From the first line of the records through the line containing "Photo of property", retype every line exactly and nothing else.

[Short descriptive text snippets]
-----
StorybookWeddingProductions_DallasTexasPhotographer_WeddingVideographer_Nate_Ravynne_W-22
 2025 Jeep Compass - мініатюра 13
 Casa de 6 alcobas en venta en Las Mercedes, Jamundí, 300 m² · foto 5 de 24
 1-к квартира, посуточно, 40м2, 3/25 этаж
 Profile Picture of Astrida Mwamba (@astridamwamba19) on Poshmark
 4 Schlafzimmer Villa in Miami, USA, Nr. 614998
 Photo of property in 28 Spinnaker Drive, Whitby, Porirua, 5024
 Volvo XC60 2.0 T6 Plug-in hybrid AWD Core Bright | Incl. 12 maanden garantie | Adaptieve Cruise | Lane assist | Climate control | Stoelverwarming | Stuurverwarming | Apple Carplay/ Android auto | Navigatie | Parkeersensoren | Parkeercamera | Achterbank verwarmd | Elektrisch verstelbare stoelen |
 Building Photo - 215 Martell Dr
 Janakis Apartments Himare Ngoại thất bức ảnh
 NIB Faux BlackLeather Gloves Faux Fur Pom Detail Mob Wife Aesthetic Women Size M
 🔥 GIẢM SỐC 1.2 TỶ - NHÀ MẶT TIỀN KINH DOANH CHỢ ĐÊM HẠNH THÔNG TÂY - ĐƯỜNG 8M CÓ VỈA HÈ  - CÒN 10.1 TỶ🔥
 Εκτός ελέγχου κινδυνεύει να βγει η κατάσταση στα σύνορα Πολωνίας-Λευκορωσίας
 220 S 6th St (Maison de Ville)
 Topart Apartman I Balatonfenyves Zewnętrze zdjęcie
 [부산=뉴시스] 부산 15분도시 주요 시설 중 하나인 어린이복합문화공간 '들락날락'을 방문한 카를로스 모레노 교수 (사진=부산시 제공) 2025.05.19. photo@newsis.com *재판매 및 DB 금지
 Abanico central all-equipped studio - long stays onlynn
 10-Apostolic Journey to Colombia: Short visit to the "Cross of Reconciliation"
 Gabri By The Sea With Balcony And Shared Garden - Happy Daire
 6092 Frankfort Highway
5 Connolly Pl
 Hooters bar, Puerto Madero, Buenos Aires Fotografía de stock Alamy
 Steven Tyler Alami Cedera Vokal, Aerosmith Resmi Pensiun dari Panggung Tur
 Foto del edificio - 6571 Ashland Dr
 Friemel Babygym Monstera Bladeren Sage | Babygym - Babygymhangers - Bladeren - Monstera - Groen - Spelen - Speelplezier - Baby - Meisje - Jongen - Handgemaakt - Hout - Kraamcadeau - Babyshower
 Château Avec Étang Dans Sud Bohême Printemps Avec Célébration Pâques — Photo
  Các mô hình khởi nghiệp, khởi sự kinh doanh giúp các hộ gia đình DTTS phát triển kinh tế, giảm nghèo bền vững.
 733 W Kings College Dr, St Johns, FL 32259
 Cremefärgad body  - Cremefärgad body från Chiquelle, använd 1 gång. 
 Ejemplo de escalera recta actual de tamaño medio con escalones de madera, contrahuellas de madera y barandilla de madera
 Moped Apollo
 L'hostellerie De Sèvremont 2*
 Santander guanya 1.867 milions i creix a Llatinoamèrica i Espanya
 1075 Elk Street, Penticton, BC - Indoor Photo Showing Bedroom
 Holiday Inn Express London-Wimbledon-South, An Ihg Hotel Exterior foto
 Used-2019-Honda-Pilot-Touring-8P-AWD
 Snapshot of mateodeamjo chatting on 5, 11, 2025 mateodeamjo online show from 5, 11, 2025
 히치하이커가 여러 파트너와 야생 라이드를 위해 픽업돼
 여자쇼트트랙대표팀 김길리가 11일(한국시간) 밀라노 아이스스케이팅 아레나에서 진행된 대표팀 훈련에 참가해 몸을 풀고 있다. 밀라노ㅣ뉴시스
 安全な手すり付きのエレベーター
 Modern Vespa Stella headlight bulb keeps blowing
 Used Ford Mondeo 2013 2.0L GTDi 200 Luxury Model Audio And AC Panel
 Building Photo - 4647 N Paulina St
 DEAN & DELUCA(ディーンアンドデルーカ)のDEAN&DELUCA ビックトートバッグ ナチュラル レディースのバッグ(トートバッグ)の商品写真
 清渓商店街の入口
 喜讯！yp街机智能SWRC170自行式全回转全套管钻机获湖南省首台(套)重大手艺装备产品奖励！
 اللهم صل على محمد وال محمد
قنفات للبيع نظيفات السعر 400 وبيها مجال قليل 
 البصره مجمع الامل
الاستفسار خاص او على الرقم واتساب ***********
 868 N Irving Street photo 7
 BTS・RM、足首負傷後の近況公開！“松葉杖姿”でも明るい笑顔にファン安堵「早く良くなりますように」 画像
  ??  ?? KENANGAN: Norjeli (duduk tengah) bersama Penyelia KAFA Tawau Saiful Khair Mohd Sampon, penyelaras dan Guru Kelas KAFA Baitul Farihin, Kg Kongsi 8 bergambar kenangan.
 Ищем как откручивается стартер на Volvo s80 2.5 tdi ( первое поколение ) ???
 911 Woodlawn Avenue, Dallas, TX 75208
-----
■ **SOLUTION TO THE PROBLEM**:
StorybookWeddingProductions_DallasTexasPhotographer_WeddingVideographer_Nate_Ravynne_W-22
 2025 Jeep Compass - мініатюра 13
 Casa de 6 alcobas en venta en Las Mercedes, Jamundí, 300 m² · foto 5 de 24
 1-к квартира, посуточно, 40м2, 3/25 этаж
 Profile Picture of Astrida Mwamba (@astridamwamba19) on Poshmark
 4 Schlafzimmer Villa in Miami, USA, Nr. 614998
 Photo of property in 28 Spinnaker Drive, Whitby, Porirua, 5024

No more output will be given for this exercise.